(Exercise goal):
The task calls for the line containing "Cruiser Consoles Pair" and all later lines, through the end of the entries below, to be set down exactly and without pictures.

-- Records supplied follows --

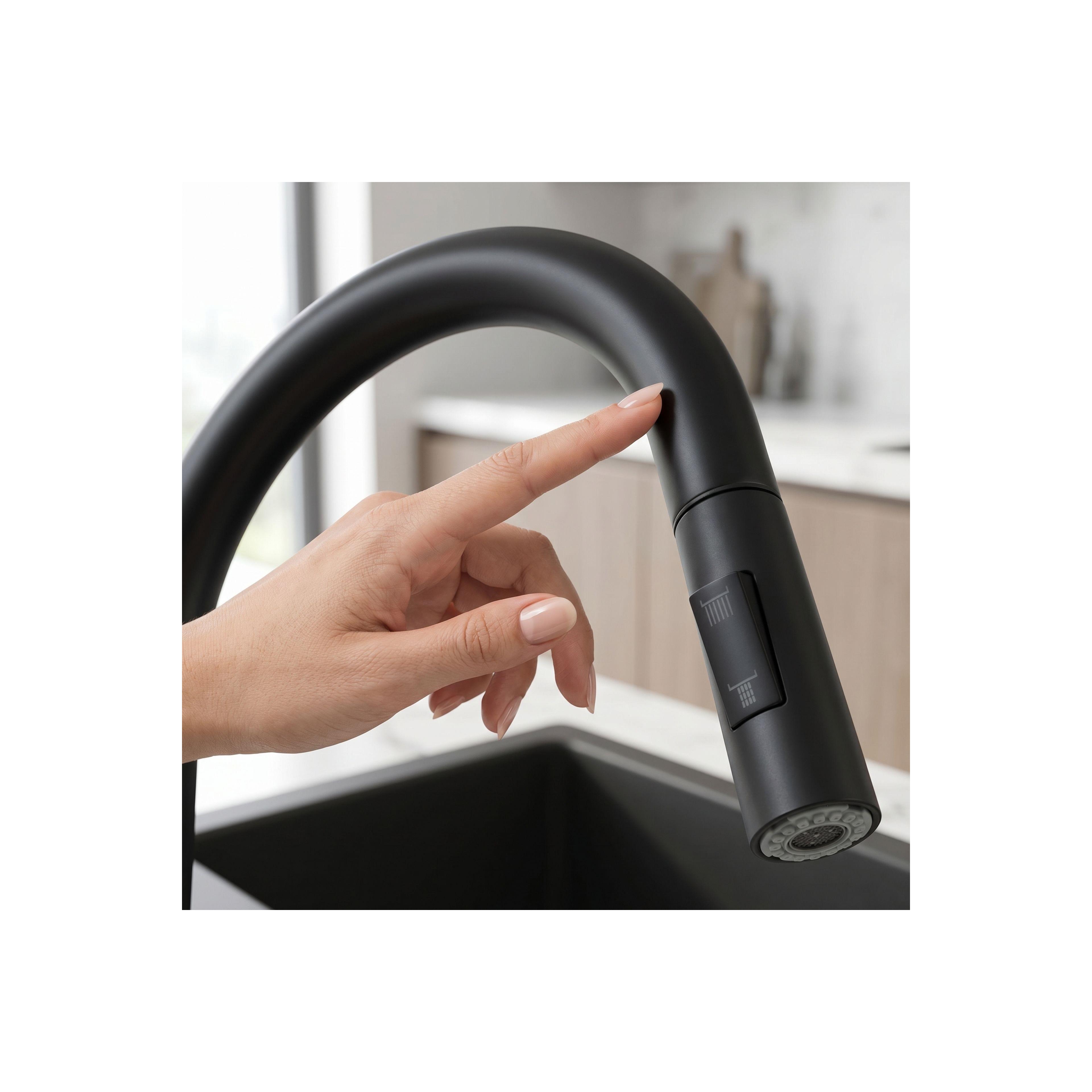 Смеситель кухонный Rea Fresh Touch Black Matt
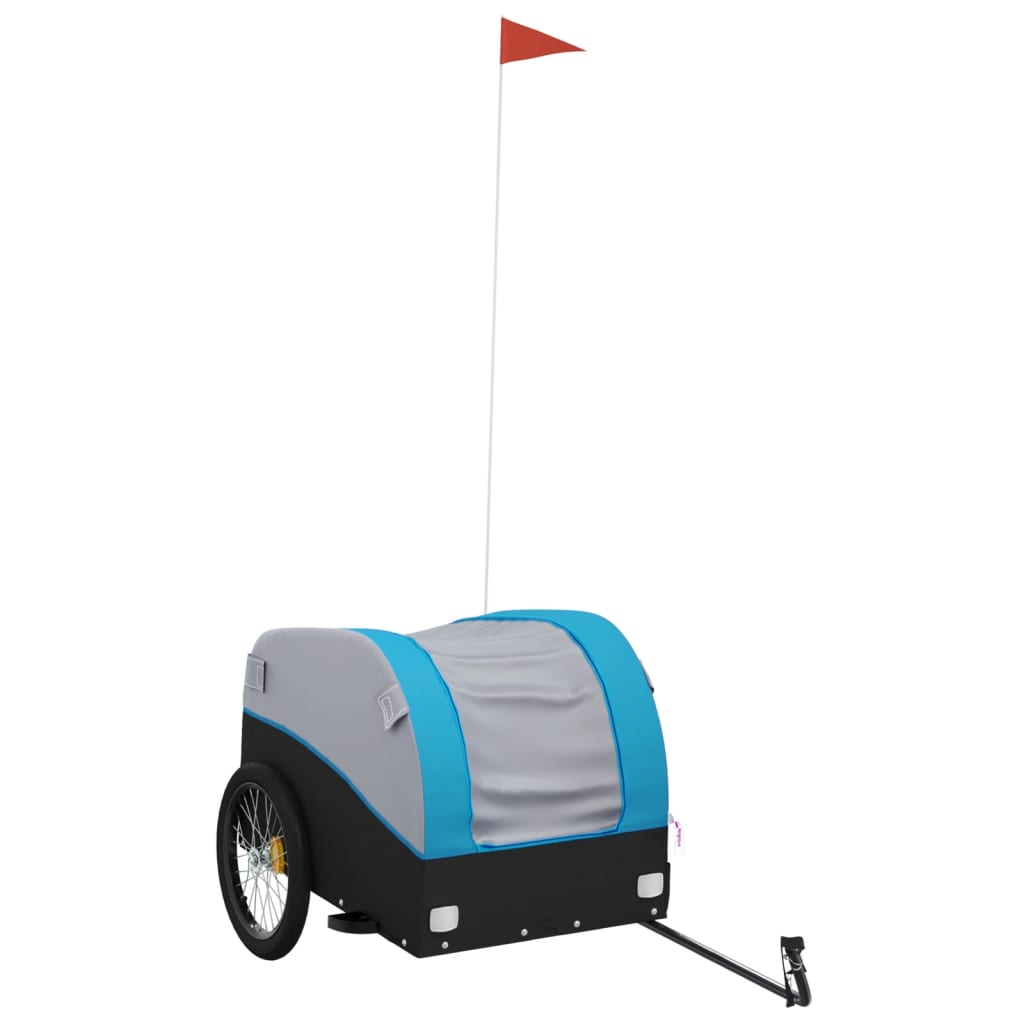 Cykeltrailer Sort og Blå 45 kg Jern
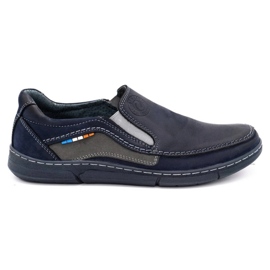 Olivier Scarpe slip-on da uomo 283GT blu navy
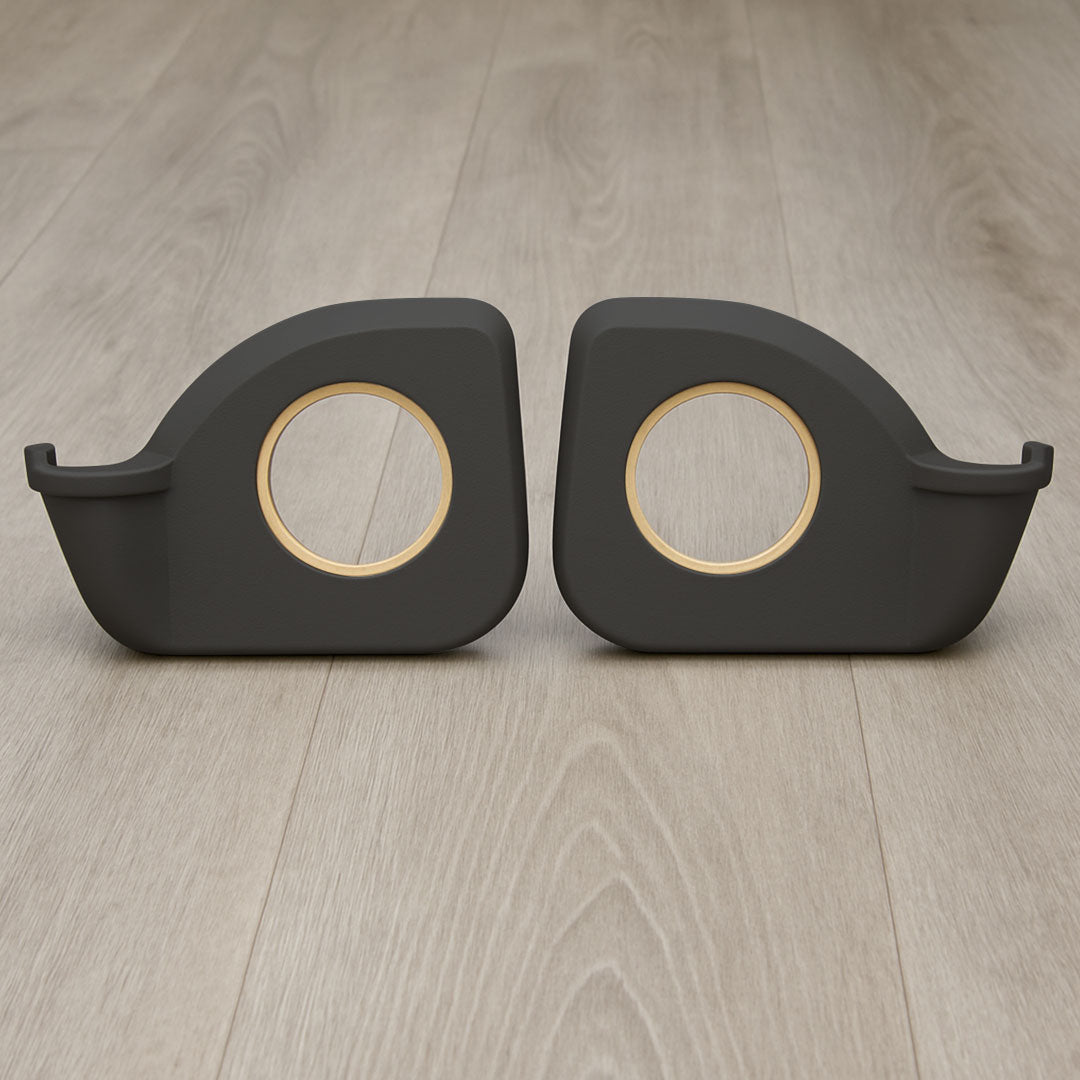 Cruiser Consoles Pair of Rear Speaker Pods 6.5 Inch Black | POD70RE65BLACK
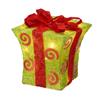 Decor Tinsel Gift Box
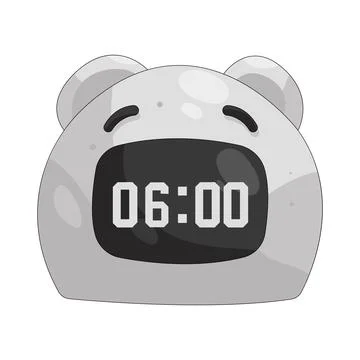 Illustration of bear clock Stock Illustration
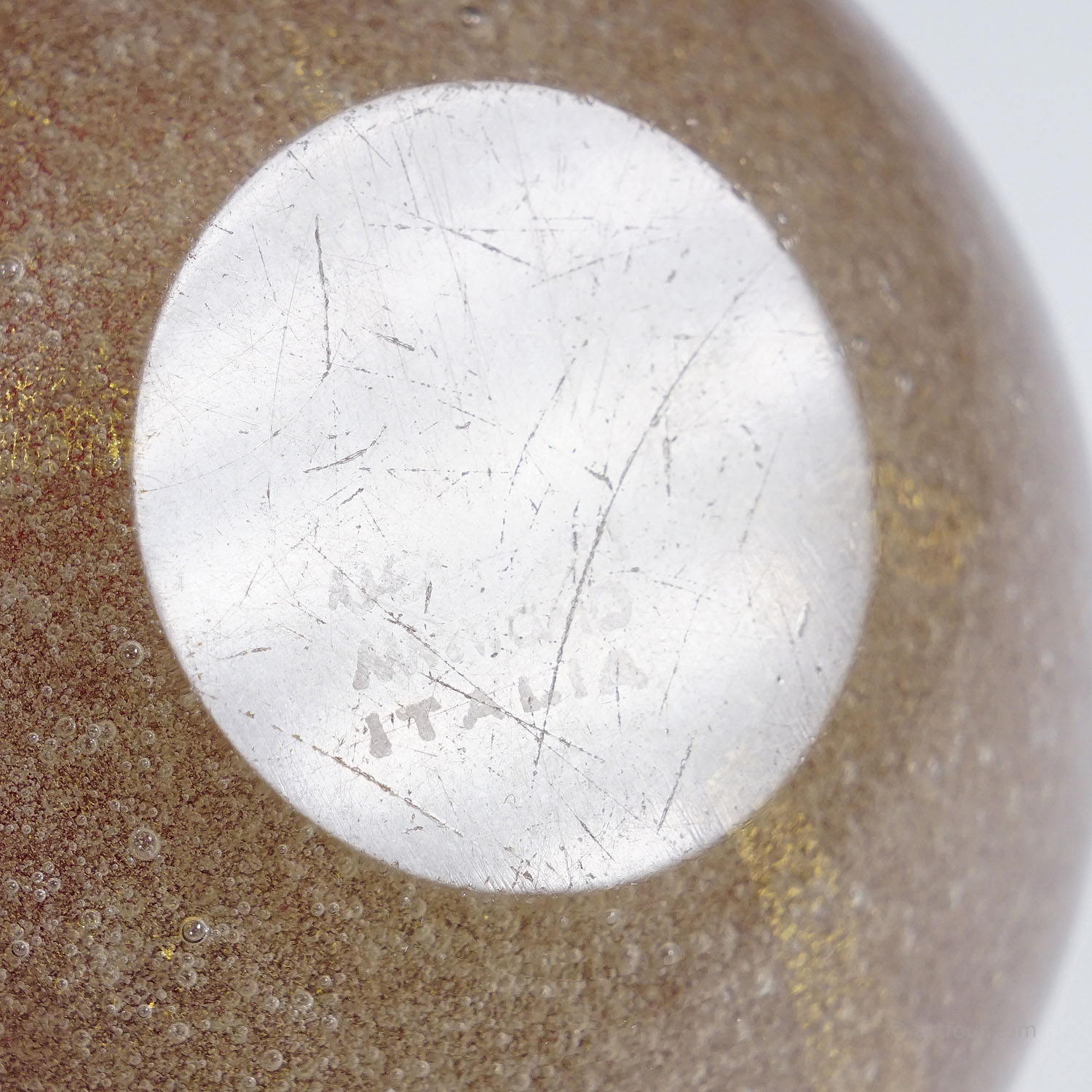 Vetro Sommerso Bowl by Carlo Scarpa for Venini Murano ca. 1930s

-- Records supplied concluded --

(Answer for this exercise):
 Cruiser Consoles Pair of Rear Speaker Pods 6.5 Inch Black | POD70RE65BLACK
 Decor Tinsel Gift Box
 Illustration of bear clock Stock Illustration
 Vetro Sommerso Bowl by Carlo Scarpa for Venini Murano ca. 1930s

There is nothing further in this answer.